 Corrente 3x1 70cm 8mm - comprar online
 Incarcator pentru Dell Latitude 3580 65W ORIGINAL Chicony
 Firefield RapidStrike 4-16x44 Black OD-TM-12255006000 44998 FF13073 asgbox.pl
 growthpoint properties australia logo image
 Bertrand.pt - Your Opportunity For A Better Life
##############################
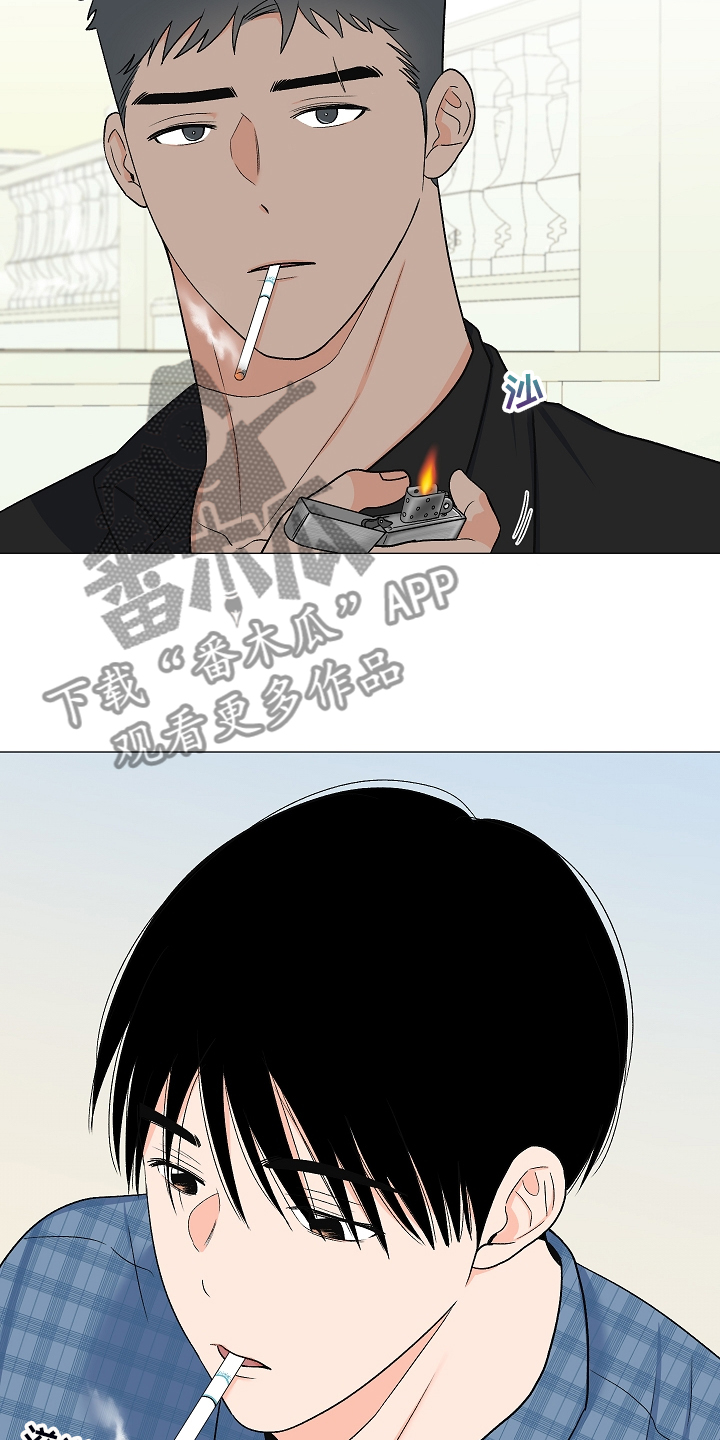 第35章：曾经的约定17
##############################
■ What this task involves: The lines to extract from the data above begin with the line containing "Incarcator pentru Dell" and end with the line containing "Bertrand.pt - Your". Extract them exactly, including both.

■ Result:
 Incarcator pentru Dell Latitude 3580 65W ORIGINAL Chicony
 Firefield RapidStrike 4-16x44 Black OD-TM-12255006000 44998 FF13073 asgbox.pl
 growthpoint properties australia logo image
 Bertrand.pt - Your Opportunity For A Better Life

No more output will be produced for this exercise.